= Kearfott Guidance & Navigation =

Kearfott is a defense equipment manufacturer founded in 1918 in New Jersey, United States. It is based in Pine Brook. Today the electronics division is part of BAE Systems, while the remaining Kearfott Guidance & Navigation division is a subsidiary of the Astronautics Corporation of America. It also has locations in Black Mountain, North Carolina and Matamoros, Mexico.

==History==
Kearfott Corporation was founded in 1918 by William Dunham Kearfott. It became the Kearfott Division of the General Precision Equipment Corporation in 1955 and then, in 1968, the Kearfott Division of Singer Business Corporation.
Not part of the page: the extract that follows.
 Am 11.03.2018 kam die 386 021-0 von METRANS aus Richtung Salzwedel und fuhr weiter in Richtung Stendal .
In 1987 Singer split Kearfott; the Kearfott Guidance & Navigation division was sold to the Astronautics Corporation of America in 1988, and the Electronic Systems Division was purchased by Plessey. In 1990 GEC-Marconi bought Plessey and renamed the unit in Wayne, New Jersey GEC-Marconi Electronic Systems.
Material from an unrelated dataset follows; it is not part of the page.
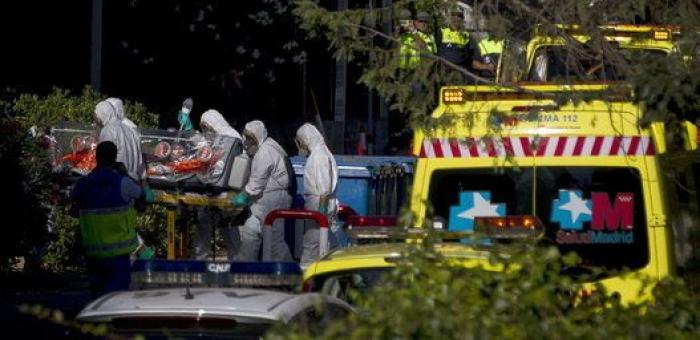 Miguel Pajares, el religioso con ébola, ingresa en el hospital Carlos III de Madrid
Kearfott Guidance & Navigation Corporation officially changed its name to Kearfott Corporation effective June 1, 2008, reflecting the fact that the scope of the company's business was not limited to guidance and navigation products.

==Projects==
Among the many vehicles and devices that contain a Kearfott built Inertial Navigation Unit (INU), is the Northrop-built RQ-4 Global Hawk. The KN-4072 and the KN-4074 are the preferred MRLG (Monolithic Ring Laser Gyro) units for Northrop's Global Hawk. The KN-4072a and the KN-4074 are based upon the KN-4071 design series, with a few key differences, most noticeably their enclosures and interfaces.

Kearfott built the inertial navigation system for the Pershing II missile and for the Space Shuttle.

Kearfott integrating gyroscopes (P/N C702519018-4) were used in the rate gyros for the Apollo Telescope Mount / Orbital Workshop ( Skylab).